### [About this task]
Copy out the data in full and exactly, passing over the pictures.

### [Data segment]
----------------------------------------

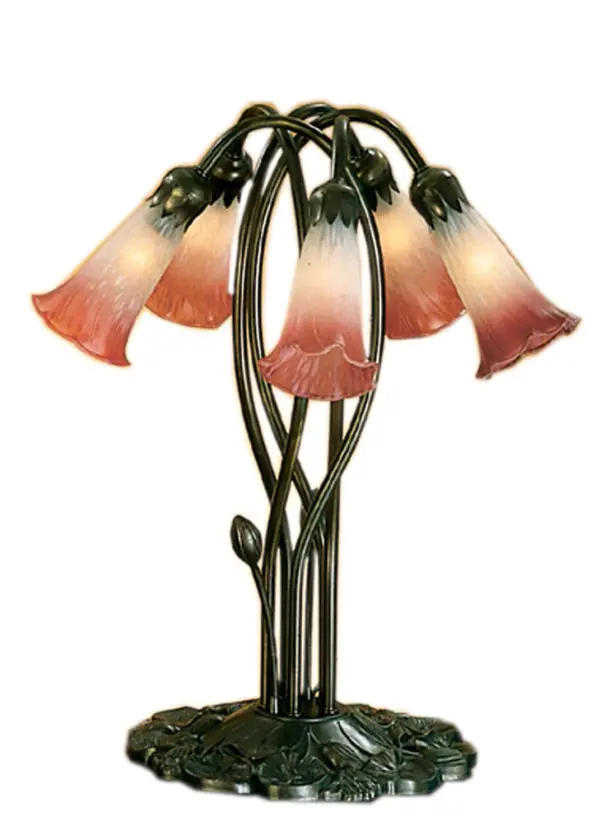 One of the most popular Louis Comfort Tiffany styled lamps on the market today, recreating his famous Favrile design from the early 1900's. This softly mottled Plum Pink and White shaded 5 Light Accent Lamp offers an attractive, delicate design featuring shades mouth blown of fine art glass. Lily shades are suspended from stems delicately winding above a Lily pad base finished by hand in Mahogany Bronze. Collection: Pink/White Finish: Mahongany Bronze Glass: Pink White Width: 14.00" Height: 17.00" Length: 14.00" Weight: 7.50 lb Number of Bulbs: 5 Maximum Wattage: 15.00 W Bulb Type: B10 Bulb Base: E12 Material: Zinc Country of Origin: CHINA Safety Listing: Dry Safety Rating: Dry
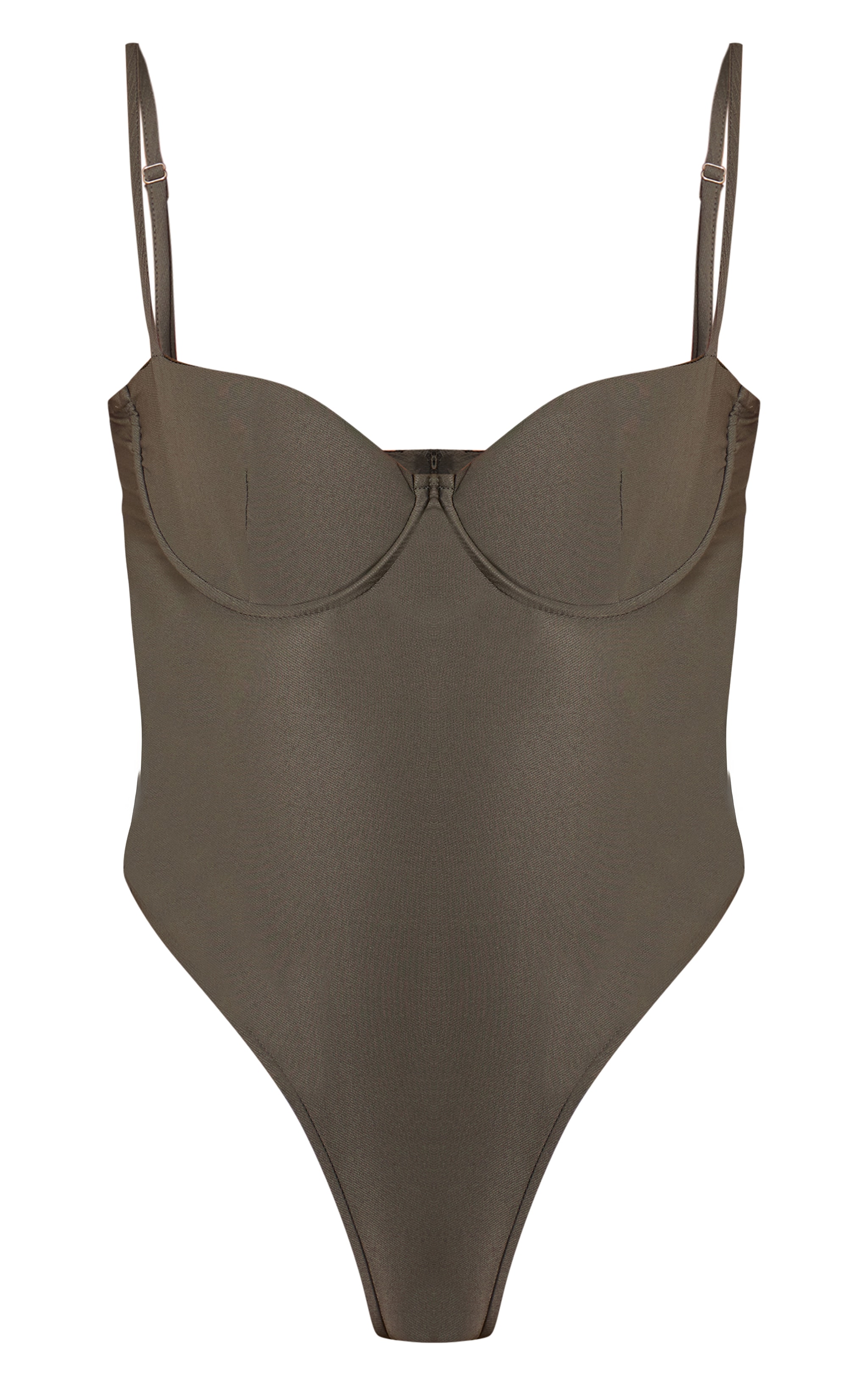 Forest Green Woven Stretch Strappy Bodysuit image 5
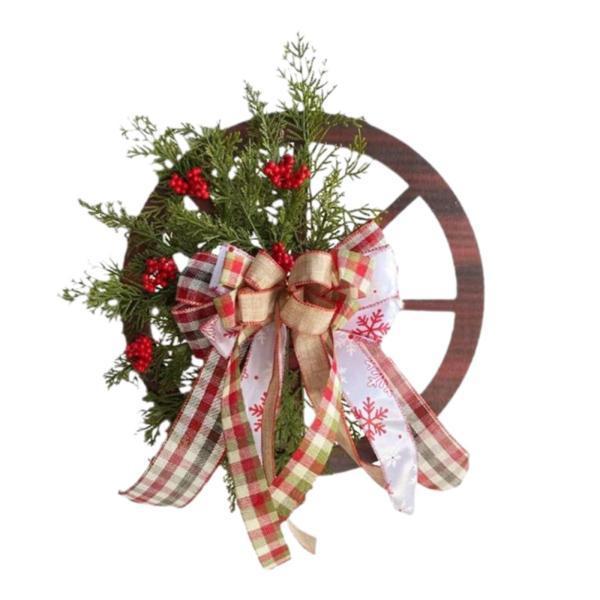 玄関ドア クリスマス リース コテージ 小道具 大きなちょう結びベリー付き お祝いのお祝い ホリデー...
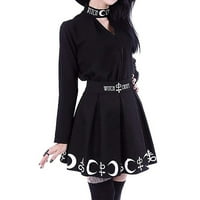 Eguiwyn žene Gothic Punk Witchcraft Moon Magic Chall Simboli naborine mini suknja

----------------------------------------

### [Solution for this problem]
 One of the most popular Louis Comfort Tiffany styled lamps on the market today, recreating his famous Favrile design from the early 1900's. This softly mottled Plum Pink and White shaded 5 Light Accent Lamp offers an attractive, delicate design featuring shades mouth blown of fine art glass. Lily shades are suspended from stems delicately winding above a Lily pad base finished by hand in Mahogany Bronze. Collection: Pink/White Finish: Mahongany Bronze Glass: Pink White Width: 14.00" Height: 17.00" Length: 14.00" Weight: 7.50 lb Number of Bulbs: 5 Maximum Wattage: 15.00 W Bulb Type: B10 Bulb Base: E12 Material: Zinc Country of Origin: CHINA Safety Listing: Dry Safety Rating: Dry
 Forest Green Woven Stretch Strappy Bodysuit image 5
 玄関ドア クリスマス リース コテージ 小道具 大きなちょう結びベリー付き お祝いのお祝い ホリデー...
 Eguiwyn žene Gothic Punk Witchcraft Moon Magic Chall Simboli naborine mini suknja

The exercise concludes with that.